The Procreation Lottery
The way our economy is currently structured, we require constant growth. Of course this will someday come to a head, because as Robin Hanson has pointed out, even at extremely low growth rates we’ll run out of atoms in the galaxy well within 10,000 years. As someone who suspects we may already be beyond the sustainable carrying capacity of the planet, I fear the problem may be closer than that. So I’m already against anything that incentivizes greater-than-replacement procreation.
I also despise the lottery, for all the normal reasons. It hijacks normal thinking patterns to trick people into wasting money on false hope. It targets those who can least afford it, and are least able to resist it. It is morally repugnant.
So I really dislike things that combine the two, like the Procreation Lottery. As pretty as the song “Mary Did You Know” is, it fans the flames of procreation by igniting the hope that maybe your child will be the special one that solves all the problems. Or at least a few of your problems, because hey, let's not be greedy.

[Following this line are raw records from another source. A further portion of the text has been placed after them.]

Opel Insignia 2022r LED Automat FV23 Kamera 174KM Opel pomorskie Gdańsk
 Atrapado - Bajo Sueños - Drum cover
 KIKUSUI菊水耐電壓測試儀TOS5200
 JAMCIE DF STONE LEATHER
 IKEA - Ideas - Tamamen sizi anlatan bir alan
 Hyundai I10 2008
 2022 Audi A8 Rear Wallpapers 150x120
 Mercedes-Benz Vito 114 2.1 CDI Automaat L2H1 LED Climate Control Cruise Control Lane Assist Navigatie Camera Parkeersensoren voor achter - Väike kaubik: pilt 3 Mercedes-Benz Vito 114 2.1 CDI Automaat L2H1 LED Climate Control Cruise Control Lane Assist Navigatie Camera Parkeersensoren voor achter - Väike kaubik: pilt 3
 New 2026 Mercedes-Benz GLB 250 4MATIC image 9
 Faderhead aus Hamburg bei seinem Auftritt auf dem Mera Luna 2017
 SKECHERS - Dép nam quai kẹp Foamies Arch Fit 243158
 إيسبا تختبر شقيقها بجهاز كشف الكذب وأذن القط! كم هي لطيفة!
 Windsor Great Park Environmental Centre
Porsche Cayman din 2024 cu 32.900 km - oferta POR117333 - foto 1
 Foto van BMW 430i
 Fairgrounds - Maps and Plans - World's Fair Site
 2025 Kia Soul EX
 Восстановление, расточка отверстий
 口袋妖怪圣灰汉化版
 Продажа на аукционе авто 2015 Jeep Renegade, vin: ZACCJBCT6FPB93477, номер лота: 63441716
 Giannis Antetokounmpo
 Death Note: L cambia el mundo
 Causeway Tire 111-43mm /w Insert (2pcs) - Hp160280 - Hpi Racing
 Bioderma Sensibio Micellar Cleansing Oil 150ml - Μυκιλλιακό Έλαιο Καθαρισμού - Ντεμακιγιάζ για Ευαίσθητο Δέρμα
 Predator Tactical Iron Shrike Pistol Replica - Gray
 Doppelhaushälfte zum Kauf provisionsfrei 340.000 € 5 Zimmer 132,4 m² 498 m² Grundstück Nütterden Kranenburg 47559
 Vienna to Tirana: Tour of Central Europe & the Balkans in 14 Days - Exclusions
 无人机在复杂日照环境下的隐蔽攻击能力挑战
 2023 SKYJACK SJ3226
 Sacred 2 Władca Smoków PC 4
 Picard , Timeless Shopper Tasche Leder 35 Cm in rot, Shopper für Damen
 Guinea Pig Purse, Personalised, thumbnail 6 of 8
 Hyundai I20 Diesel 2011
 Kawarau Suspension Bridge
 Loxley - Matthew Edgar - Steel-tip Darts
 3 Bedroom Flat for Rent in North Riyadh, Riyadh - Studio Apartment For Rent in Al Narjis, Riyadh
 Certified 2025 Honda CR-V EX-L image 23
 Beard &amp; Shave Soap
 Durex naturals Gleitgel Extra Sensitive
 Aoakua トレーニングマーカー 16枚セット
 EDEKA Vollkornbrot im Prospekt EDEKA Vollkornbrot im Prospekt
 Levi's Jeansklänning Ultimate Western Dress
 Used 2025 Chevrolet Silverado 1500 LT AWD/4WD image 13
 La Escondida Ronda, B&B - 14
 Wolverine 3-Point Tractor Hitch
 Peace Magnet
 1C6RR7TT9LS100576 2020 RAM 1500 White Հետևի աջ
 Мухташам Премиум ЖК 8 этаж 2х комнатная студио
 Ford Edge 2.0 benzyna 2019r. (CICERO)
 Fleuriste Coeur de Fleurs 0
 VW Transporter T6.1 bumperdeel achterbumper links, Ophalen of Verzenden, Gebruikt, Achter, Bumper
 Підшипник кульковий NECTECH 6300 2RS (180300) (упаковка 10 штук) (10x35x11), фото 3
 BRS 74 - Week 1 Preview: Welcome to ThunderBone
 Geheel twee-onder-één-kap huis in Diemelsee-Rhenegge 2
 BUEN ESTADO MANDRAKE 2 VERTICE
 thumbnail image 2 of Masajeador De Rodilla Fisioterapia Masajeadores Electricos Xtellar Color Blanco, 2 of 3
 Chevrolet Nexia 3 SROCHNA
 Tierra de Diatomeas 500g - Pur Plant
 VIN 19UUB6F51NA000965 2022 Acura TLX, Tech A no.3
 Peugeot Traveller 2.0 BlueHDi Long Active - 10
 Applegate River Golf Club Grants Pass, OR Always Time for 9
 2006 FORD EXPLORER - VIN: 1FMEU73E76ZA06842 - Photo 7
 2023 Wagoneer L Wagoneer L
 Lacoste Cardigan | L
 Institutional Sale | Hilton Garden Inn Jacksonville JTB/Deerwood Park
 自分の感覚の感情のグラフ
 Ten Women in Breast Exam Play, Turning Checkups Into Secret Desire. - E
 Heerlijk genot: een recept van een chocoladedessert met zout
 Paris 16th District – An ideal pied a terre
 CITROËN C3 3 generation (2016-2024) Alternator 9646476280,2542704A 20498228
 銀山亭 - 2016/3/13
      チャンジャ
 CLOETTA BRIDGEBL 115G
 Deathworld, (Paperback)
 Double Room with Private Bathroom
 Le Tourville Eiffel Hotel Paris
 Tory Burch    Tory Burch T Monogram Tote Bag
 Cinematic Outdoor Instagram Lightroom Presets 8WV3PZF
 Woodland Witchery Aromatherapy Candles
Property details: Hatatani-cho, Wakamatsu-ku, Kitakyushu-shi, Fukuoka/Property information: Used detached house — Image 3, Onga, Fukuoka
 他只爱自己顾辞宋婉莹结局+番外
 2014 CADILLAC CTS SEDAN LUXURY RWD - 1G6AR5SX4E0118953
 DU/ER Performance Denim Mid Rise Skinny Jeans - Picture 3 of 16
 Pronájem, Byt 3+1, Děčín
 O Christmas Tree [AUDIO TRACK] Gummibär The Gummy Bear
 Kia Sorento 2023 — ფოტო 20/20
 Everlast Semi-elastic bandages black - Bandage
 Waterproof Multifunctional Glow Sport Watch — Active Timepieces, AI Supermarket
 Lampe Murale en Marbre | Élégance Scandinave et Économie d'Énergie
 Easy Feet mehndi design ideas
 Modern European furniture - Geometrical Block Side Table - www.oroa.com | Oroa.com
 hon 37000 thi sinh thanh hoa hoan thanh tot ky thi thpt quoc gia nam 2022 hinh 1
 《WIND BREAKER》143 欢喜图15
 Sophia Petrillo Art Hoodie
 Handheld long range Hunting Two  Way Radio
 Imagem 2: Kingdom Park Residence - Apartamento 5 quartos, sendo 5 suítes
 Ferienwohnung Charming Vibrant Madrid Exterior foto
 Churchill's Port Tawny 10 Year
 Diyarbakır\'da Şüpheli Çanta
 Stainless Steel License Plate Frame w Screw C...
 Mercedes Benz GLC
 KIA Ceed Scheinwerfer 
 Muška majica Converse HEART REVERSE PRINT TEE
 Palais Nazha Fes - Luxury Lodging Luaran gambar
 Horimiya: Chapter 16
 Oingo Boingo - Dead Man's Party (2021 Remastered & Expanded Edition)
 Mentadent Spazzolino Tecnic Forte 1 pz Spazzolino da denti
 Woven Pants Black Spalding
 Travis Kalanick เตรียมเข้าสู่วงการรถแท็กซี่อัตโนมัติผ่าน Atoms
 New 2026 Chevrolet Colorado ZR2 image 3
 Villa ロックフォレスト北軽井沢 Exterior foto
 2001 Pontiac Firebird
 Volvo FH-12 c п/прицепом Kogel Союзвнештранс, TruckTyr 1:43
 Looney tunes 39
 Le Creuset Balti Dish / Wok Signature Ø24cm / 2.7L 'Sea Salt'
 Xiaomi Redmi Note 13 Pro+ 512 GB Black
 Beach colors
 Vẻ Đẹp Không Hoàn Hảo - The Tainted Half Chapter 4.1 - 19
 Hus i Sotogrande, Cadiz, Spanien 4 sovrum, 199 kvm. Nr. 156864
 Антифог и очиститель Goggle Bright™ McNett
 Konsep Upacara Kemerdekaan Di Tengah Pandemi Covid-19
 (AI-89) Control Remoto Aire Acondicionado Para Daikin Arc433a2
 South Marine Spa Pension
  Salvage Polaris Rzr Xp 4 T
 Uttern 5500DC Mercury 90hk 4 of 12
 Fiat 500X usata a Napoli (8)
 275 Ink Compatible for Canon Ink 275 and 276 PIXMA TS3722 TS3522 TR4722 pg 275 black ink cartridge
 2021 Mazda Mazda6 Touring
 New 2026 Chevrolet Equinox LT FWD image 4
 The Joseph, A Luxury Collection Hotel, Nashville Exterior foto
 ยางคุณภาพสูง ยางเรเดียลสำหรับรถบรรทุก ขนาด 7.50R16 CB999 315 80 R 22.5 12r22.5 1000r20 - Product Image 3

No. Chances are any particular child will not be that special. Even if they’re above average, children in the modern age are a net cost to parents. If you want your life to be better, or to be special, or to mean something to the world in some way, do it on your own. Don’t pin your hopes on a child. Anyone can do that, and it doesn’t make any of them special. Others who use the same decision-making-algorithm will simply make more children as well, and since this subset of people generally includes your children, you’re just passing on the “breed a lot” imperative without getting any “do something special” results.
I know this post sounds grumpy. I’m sorry. I would get equally annoyed at a beautiful song praising the serene grace of being a Powerball Winner.